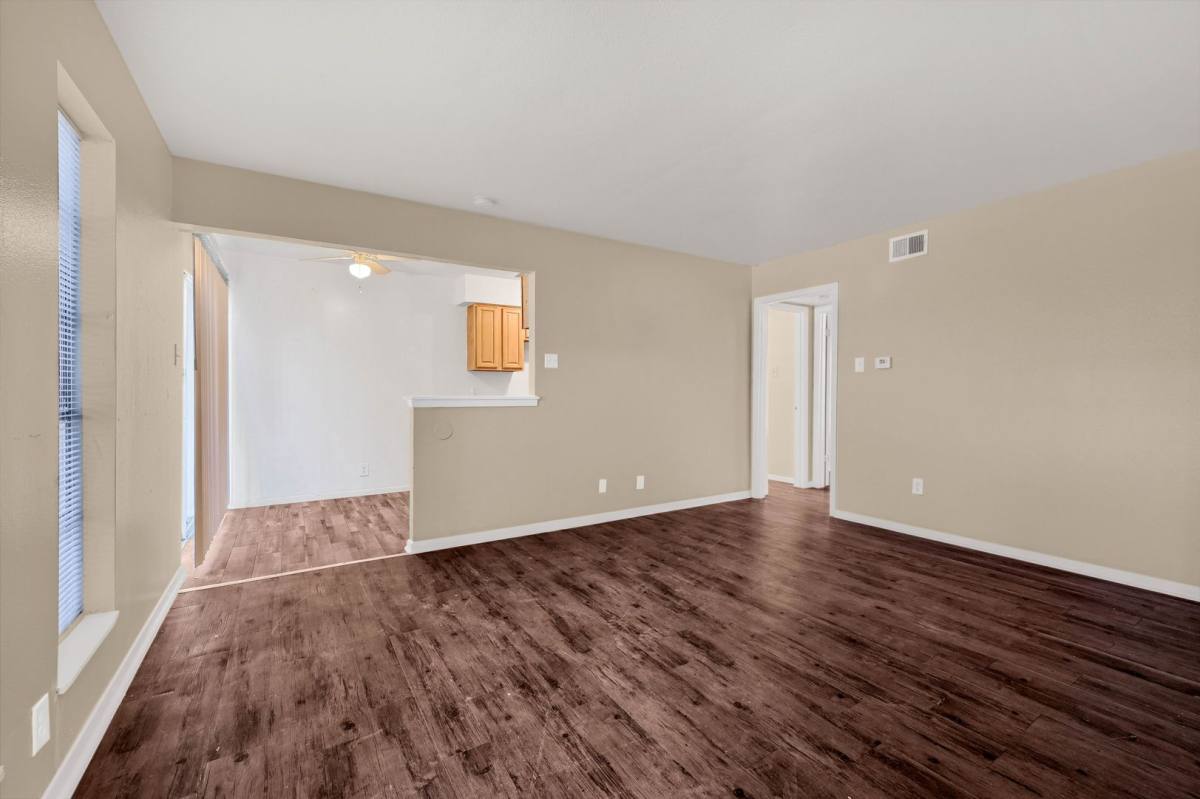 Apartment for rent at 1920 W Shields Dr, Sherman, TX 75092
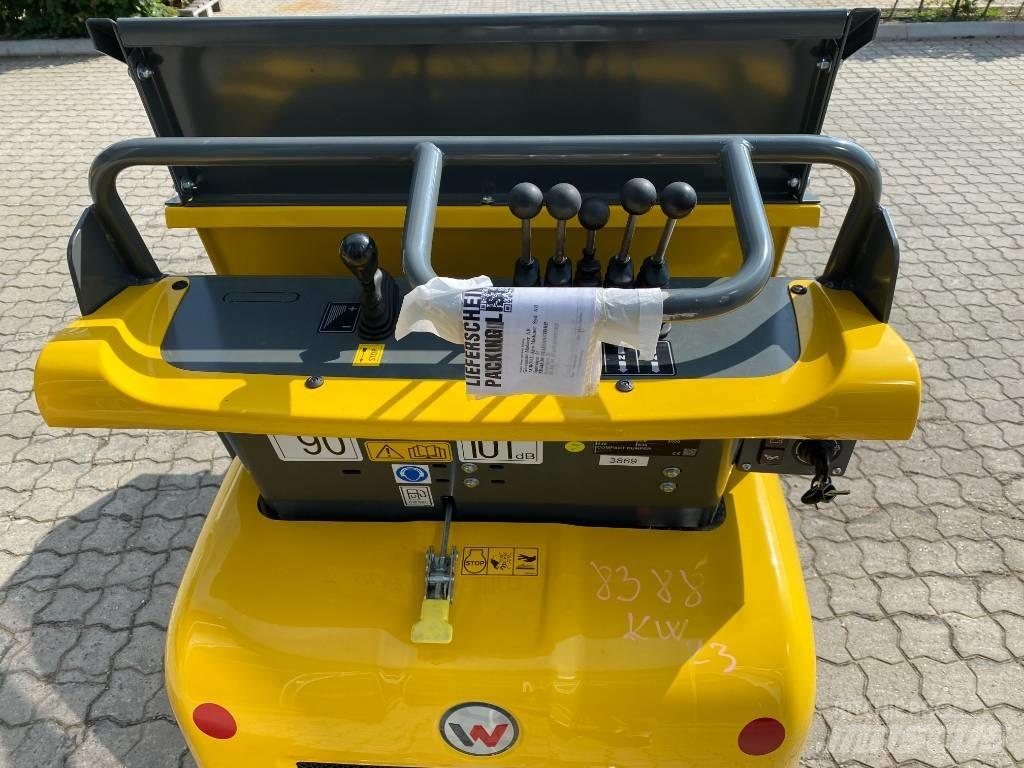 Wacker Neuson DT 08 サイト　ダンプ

==

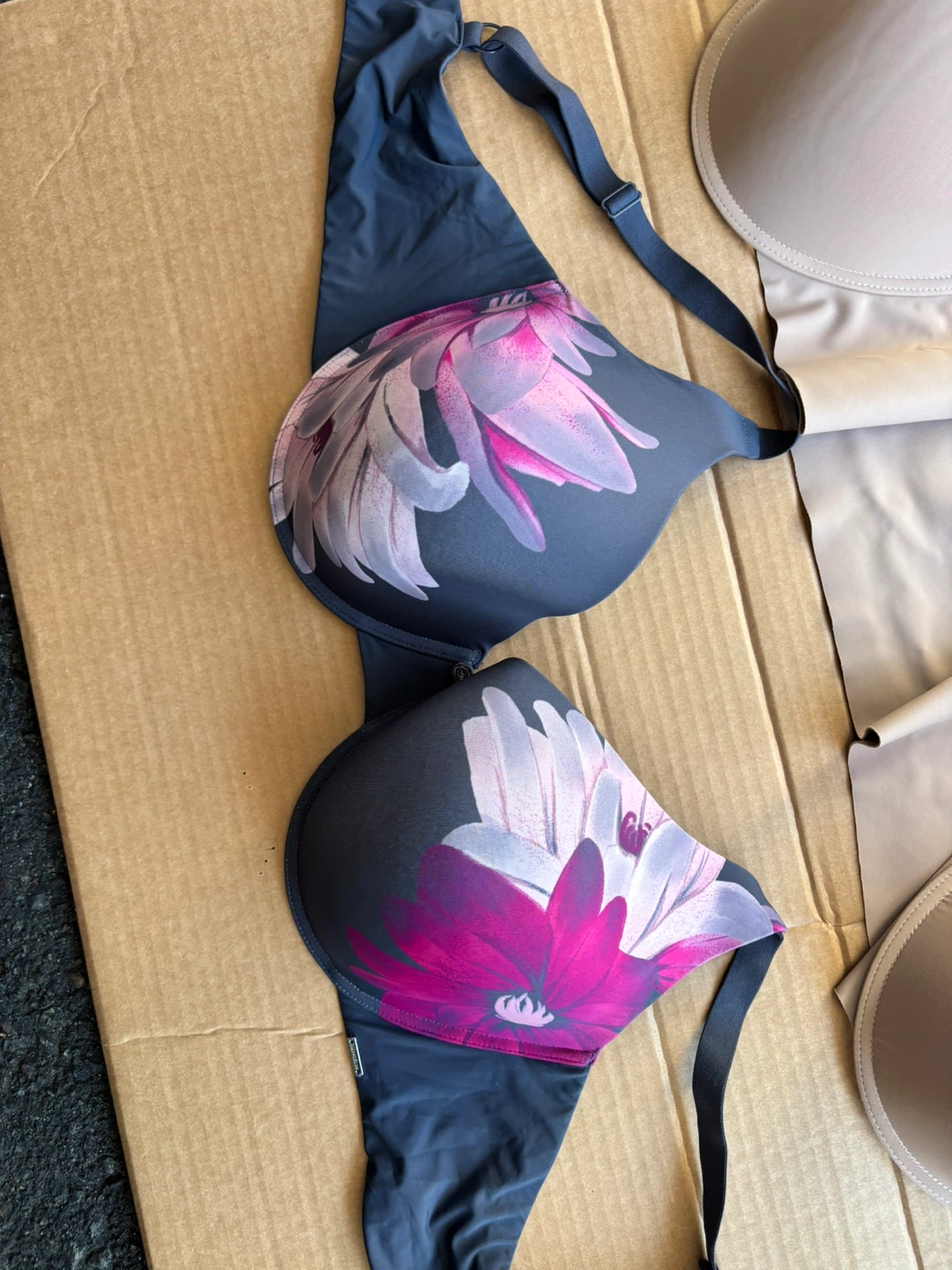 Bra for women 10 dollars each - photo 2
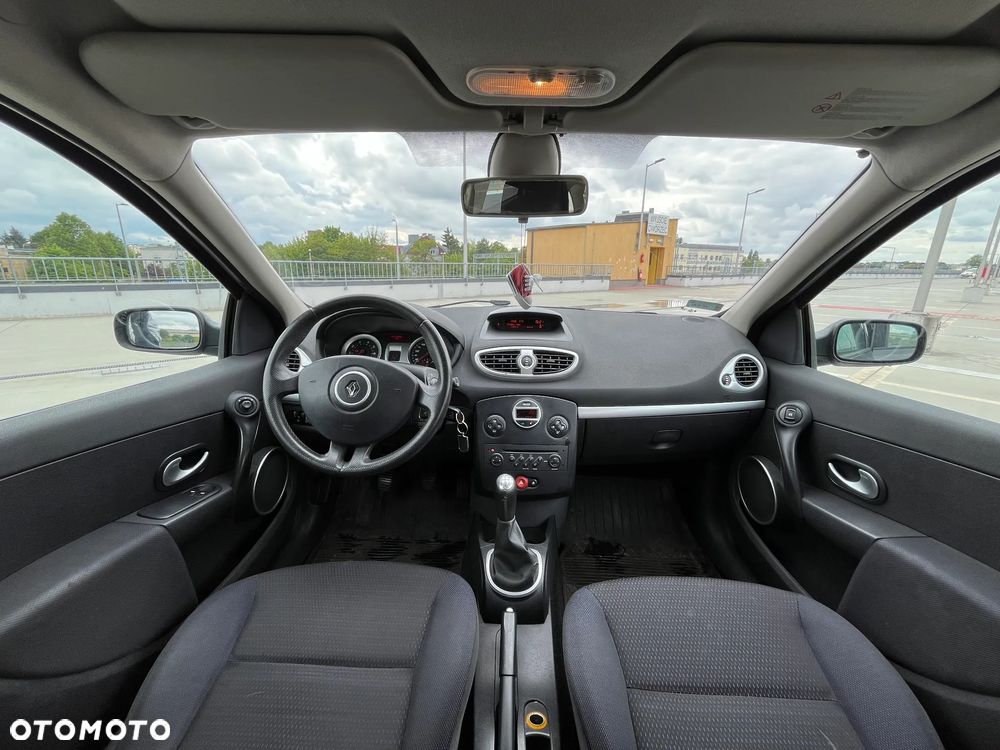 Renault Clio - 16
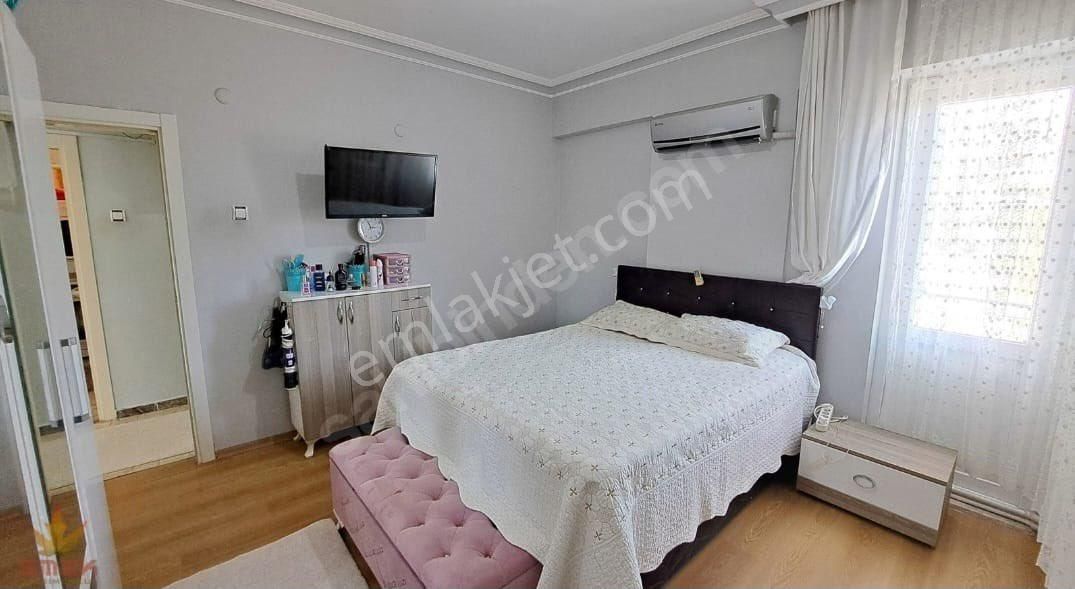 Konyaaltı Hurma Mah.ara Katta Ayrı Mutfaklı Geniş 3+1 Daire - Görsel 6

**Exercise prompt**
From the records above, copy only the lines running from the line holding "Renault Clio - 16" through the line holding "Konyaaltı Hurma Mah.ara", with no pictures.

**Reply**
 Renault Clio - 16
 Konyaaltı Hurma Mah.ara Katta Ayrı Mutfaklı Geniş 3+1 Daire - Görsel 6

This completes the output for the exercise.